Could it be because of the `def random`?

If you want to jump to PyMC V4 there’s a developer guide for new distributions: Implementing a Distribution — PyMC 0+untagged.310.g244c37d.dirty documentation

If you just need something simple you can also use DensityDist, which in V4 also allows for a random method (I don’t recall if it did in V3): pymc.DensityDist — PyMC 0+untagged.310.g244c37d.dirty documentation

Otherwise it is not clear what your problem is from your post alone.

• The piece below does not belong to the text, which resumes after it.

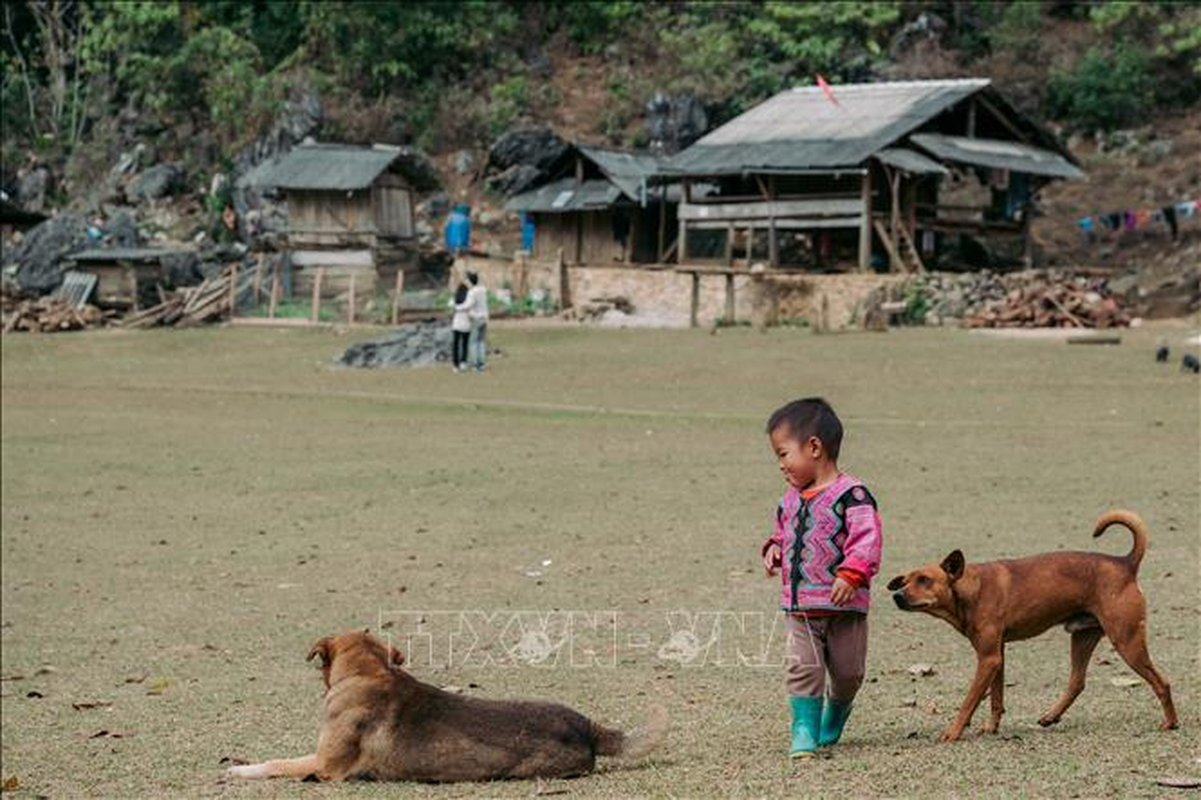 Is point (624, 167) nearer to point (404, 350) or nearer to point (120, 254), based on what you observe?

Thank you very much for the reply.

To understand further about the custom distribution class configuration:

• What are the necessary components needed to design the class custom distribution?
• Is it necessary to include the `def random` in the custom distribution?
• What is the reason for getting different fused distributions when implementing the bayesian fusion part? Could it be because of `def random` code section in the custom distribution? For clarification about the fusion part, please find the following question: How to create Bayesian data fusion in python with pymc3?.